- [How to complete this task] Excluding pictures, retype the line with "What is pulmonary arterial hypertension?" and each line that follows it to the end of the data below, word for word.

Web page caption snippets:
========================
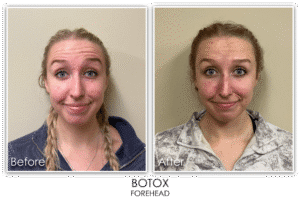 Before and after comparison of a female patient following Botox treatment to the forehead, showing reduced dynamic lines and smoother skin appearance in the after image.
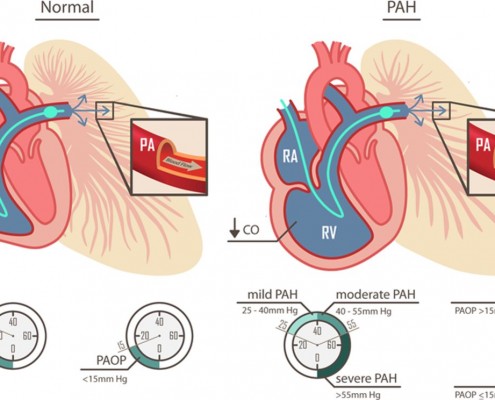 What is pulmonary arterial hypertension?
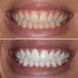 Кокосовий порошок для відбілювання - фото товару teeth26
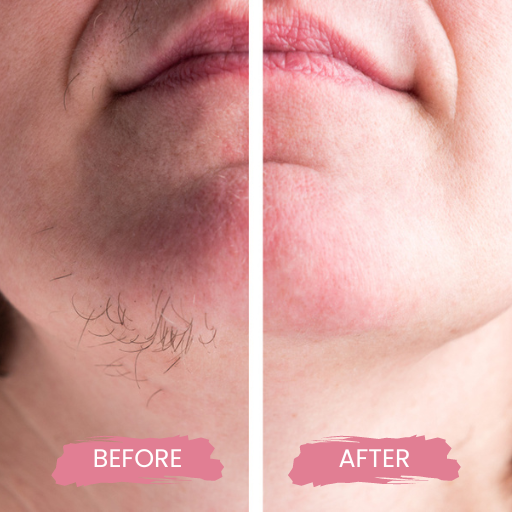 LASER HAIR REMOVAL FOR MEN 3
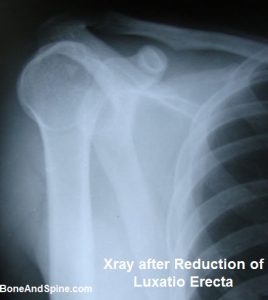 Xray of Luxatio Erect After reduction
========================
- [Exercise result]
 What is pulmonary arterial hypertension?
 Кокосовий порошок для відбілювання - фото товару teeth26
 LASER HAIR REMOVAL FOR MEN 3
 Xray of Luxatio Erect After reduction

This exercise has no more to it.